Taking into account the conditions for prolonging lecturers' full-time employment contracts at Ukrainian universities, academic staff are forced to report annually on the number of papers they publish in internationally acclaimed scientific journals. Note that the current study excludes articles written "for a report on science" (endless repetitions, scientific clichés, a precisely adjusted number of pages) and commissioned articles (lengthy fiction about concepts that often simply do not exist). This is a promising area for further research into revealing dishonest practices given that such papers, in our rough estimation, account for at least 5 % of manuscripts submitted.

Results and Discussion

Until August 2022, we did not have the opportunity to confirm the above hypothesis, even after repeatedly contacting the relevant services at Microsoft Translator and Google Translate for clarification. Our concern is absolutely similar to the view expressed in Plagiarism in Research (2020) that "some plagiarism detectors do offer cross-lingual plagiarism checks while it is unclear if they are as effective at detecting this form of plagiarism as they are at detecting plagiarism across articles in the same language". This is because of the complexity, the authors note, involved in detecting similarity across articles that may be written in languages whose grammatical structures are very different (exactly what our experience confirms).

The newest Ukrainian version of the Microsoft Office 365 cloud application package working on the Microsoft Windows 11 operating system (released in 2022) (Microsoft, 2022) includes, as far as we know for the first time ever, a multilingual text authentication in the standard Microsoft Word text editor.

Now one can test our assumptions on real examples of those papers that we have translated recently (September–October 2022).
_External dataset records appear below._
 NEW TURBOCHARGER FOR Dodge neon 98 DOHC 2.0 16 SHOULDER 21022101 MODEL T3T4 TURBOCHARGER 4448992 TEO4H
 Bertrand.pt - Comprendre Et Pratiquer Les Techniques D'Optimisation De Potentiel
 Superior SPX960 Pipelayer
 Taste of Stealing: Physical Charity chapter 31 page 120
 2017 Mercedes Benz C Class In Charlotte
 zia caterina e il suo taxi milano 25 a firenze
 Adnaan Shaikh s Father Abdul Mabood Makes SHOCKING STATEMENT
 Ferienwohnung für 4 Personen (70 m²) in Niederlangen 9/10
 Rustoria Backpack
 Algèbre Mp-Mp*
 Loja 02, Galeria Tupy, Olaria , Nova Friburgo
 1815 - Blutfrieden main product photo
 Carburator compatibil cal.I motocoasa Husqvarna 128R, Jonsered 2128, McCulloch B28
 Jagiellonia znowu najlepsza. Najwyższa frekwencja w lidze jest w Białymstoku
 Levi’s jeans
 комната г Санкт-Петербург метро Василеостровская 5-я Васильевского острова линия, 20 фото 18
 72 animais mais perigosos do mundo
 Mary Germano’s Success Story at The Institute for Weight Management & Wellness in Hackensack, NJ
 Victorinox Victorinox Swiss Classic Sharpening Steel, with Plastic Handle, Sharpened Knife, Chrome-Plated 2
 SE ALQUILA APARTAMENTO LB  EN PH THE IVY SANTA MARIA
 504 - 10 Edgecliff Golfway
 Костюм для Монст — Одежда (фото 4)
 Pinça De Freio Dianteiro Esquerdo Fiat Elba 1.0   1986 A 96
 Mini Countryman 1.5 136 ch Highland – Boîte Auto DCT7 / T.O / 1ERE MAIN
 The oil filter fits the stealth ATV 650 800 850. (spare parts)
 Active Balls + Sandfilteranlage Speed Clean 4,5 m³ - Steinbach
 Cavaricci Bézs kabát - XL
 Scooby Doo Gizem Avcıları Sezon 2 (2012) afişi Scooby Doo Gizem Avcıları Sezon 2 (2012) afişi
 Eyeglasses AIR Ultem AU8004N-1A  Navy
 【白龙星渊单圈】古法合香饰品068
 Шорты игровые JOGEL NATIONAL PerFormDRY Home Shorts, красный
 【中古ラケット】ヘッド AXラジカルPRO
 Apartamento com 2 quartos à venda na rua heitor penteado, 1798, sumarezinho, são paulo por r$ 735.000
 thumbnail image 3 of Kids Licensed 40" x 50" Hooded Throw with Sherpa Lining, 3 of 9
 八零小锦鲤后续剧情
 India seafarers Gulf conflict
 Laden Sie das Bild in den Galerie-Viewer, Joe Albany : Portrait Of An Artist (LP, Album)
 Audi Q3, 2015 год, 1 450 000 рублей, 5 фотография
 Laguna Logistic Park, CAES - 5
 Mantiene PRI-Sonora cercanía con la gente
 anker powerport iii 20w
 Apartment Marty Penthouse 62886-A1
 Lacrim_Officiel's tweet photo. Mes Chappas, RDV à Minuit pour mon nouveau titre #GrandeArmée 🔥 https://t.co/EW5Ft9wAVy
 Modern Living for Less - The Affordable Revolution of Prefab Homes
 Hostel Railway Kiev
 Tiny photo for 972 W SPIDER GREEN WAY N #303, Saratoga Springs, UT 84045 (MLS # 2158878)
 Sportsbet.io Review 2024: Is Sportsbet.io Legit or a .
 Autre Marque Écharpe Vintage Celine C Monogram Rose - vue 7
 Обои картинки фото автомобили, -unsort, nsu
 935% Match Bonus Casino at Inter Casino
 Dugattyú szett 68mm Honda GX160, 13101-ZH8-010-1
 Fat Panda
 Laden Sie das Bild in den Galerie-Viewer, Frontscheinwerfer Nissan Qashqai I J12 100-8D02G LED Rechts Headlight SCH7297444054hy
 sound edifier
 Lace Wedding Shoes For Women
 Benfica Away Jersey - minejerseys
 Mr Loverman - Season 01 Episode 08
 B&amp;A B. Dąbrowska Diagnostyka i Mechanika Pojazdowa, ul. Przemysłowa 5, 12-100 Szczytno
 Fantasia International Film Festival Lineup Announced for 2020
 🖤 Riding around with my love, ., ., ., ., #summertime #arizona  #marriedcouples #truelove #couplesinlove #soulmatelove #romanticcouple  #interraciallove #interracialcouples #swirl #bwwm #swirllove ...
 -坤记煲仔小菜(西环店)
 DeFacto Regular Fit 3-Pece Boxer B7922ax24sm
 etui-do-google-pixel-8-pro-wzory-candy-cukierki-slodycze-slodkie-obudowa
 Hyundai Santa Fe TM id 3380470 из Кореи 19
The new standard function "Correction" demonstrates, in parallel with translation, how many sources in the text coincide with papers found on the Internet and provides a direct active link to the journal, article, and/or original page.

The artificial intelligence algorithm underlying this new feature operates seamlessly with texts in the Ukrainian, Russian, and English languages. This significantly facilitates anti-plagiarism checks in real time. An additional benefit is that the software proposes adding a link in the manuscript to the source detected.


Fig. 1. Example of the Microsoft Word page showing a Correction summary (specifically, 9 sentences in the original manuscript fully coincide with Internet sources)

Fig. 1. Example of the Microsoft Word page showing a Correction summary (specifically, 9 sentences in the original manuscript fully coincide with Internet sources)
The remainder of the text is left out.